On 28.04.2015 18:03, Marc Strapetz wrote:
> Hi Brane,
>
> On 28.04.2015 07:36, Branko Čibej wrote:
>> On 24.04.2015 14:11, Branko Čibej wrote:
>>>
>>> Hi Marc,
>>>
>>> Just a quick note: your last msg jogged my memory and I think I know
>>> the root cause of the leak: improper JNI frame management within a
>>> loop. If I'm right, I can both fix the leak and remove the
>>> close-stream requirement I just added.
>>>
>>> On 24 Apr 2015 11:00 am, "Marc Strapetz" <marc.strapetz_at_syntevo.com
>>> <mailto:marc.strapetz_at_syntevo.com>> wrote:
>>>
>>> On 24.04.2015 06 <tel:24.04.2015%2006>:34, Branko Čibej wrote:
>>>
>>> On 22.03.2015 05 <tel:22.03.2015%2005>:06, Branko Čibej wrote:
>>>
>>> On 21.03.2015 16 <tel:21.03.2015%2016>:23, Branko Čibej
>>> wrote:
>>>
>>> On 19.03.2015 11:43, Marc Strapetz wrote:
>>>
>>> Attached example performs an endless series of
>>> remote status against
>>> the Subversion repository. When invoked with
>>> -Xmx24M, the VM will run
>>> out of memory soon. Monitoring with jvisualvm
>>> shows that the used heap
>>> size constantly grows. Monitoring with the Task
>>> Manager shows that the
>>> allocated memory grows even more (significantly).
>>> Looks like a memory
>>> leak, for which a large amount of native memory is
>>> involved, too.
>>>
>>> Tested on Windows 8.1 with almost latest
>>> Subversion 1.9 JavaHL builds.
>>>
>>> I can confirm that this happens on the Mac, too, and
>>> it's not a garbage
>>> collector artefact. I'm trying to trace where the leak
>>> is happening ...
>>> valgrind with APR pool debugging doesn't tell me much
>>> (no surprise there).
>>>
>>> Just to make sure we weren't doing something bad in our
>>> libraries, I
>>> wrote a small C program that does the same as your Java
>>> example (Ev2
>>> shims included), and memory usage is completely steady. So
>>> it is
>>> something in JavaHL, but I have no clue yet what the
>>> problem is.
>>>
>>>
>>> I have to say this was one of the more "interesting" bug-hunts
>>> in my not
>>> entirely boring career, and that's not really obvious from
>>> the fix
>>> itself. :)
>>>
>>> http://svn.apache.org/r1675771
>>>
>>> Marc: this will not be in RC1, but please give the patch a
>>> spin and let
>>> me know if it fixes your problem. I tested this with the Java
>>> program
>>> you attached to your original report, and heap size no longer
>>> grows
>>> without bounds.
>>>
>>>
>>> Great hunt, Brane! The native leak seems to be fixed. I've run my
>>> remote status loop with -Xmx24M and still get an OOME after ~170
>>> loop iterations. The memory leak is significantly smaller and this
>>> time it seems to be in the Java part. According to the profiler,
>>> most memory is allocated by HashMap and friends, referenced from
>>> JNI code. Only two org.apache.subversion classes show up, but I
>>> guess they indicate the source of the leak:
>>>
>>> org.apache.subversion.javahl.types.Checksum (~10K instances)

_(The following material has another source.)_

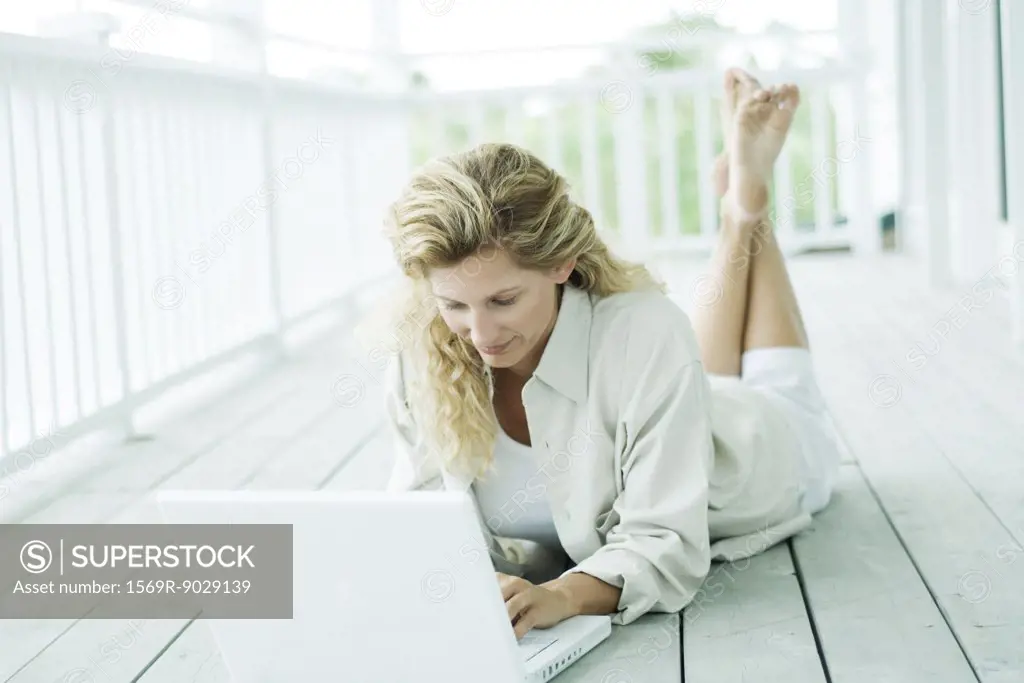 Woman lying on stomach on deck, using laptop, looking down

>>> org.apache.subversion.javahl.types.NativeInputStream (~10K
>>> instances)
>>>
>>> Let me know, if you more profiler statistics will be helpful.
>>>
>>
>> So I've been looking at this in depth. At first I thought that one of
>> the problems was that we didn't release JNI local references; I added
>> code to make sure this happens in the status callbacks (not committed
>> yet) and I verified that all the native wrapped objects do get
>> finalized. However, the Java objects still hang around.
>>
>> One of the problems is that all the callbacks happen within the scope of
>> the ISVNReporter.finishReport call, which means that the whole edit
>> drive is considered a single JNI call (despite the callbacks to Java)

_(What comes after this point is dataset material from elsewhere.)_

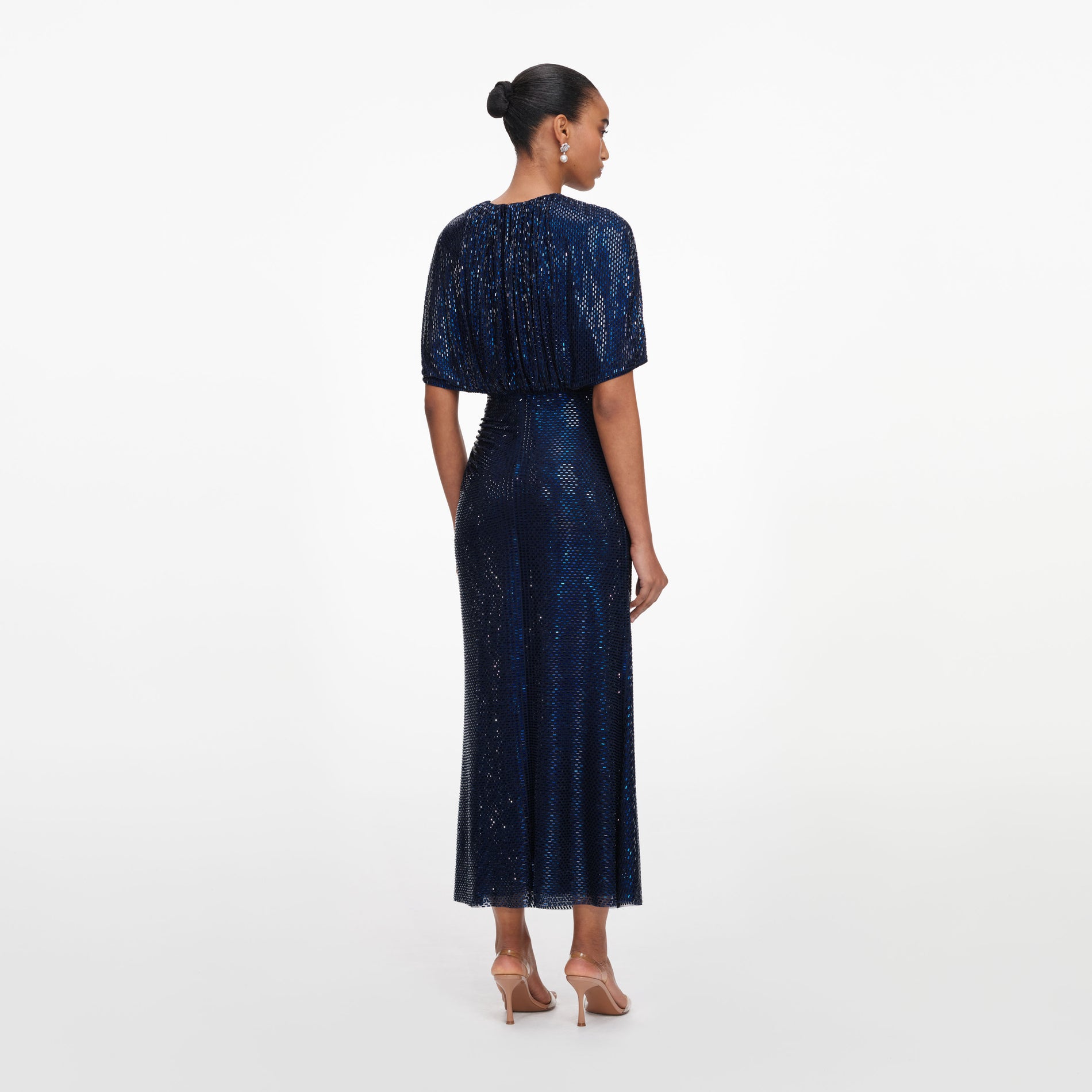 Back view of a woman wearing the Navy Rhinestone Cape Sleeve Midi Dress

>> and the garbage collector can't reclaim space for the objects created
>> within JNI during that time. But even a forced GC after the report is
>> done and the remote session disposed won't release all the native
>> references. I'm a bit stumped here ... JVM's built-in memory profiler
>> shows the live references and where they're allocated, but doesn't show
>> why they're not released even when I explicitly create and destroy JNI
>> frames.
>
> Can you please commit your current state somewhere or send me a patch?
> I can give this one a try in JProfiler and see whether I can gather
> some more useful information.
Here's the complete patch against 1.9.x. I do see some NativeInputStream
objects (but not all) being garbage-collected, but there are a number of
other objects, even those allocated in Java code in the callback, that
are just hanging around, even if I force a GC. Any help in tracking this
down will be greatly appreciated.
-- Brane
Received on 2015-04-28 18:13:17 CEST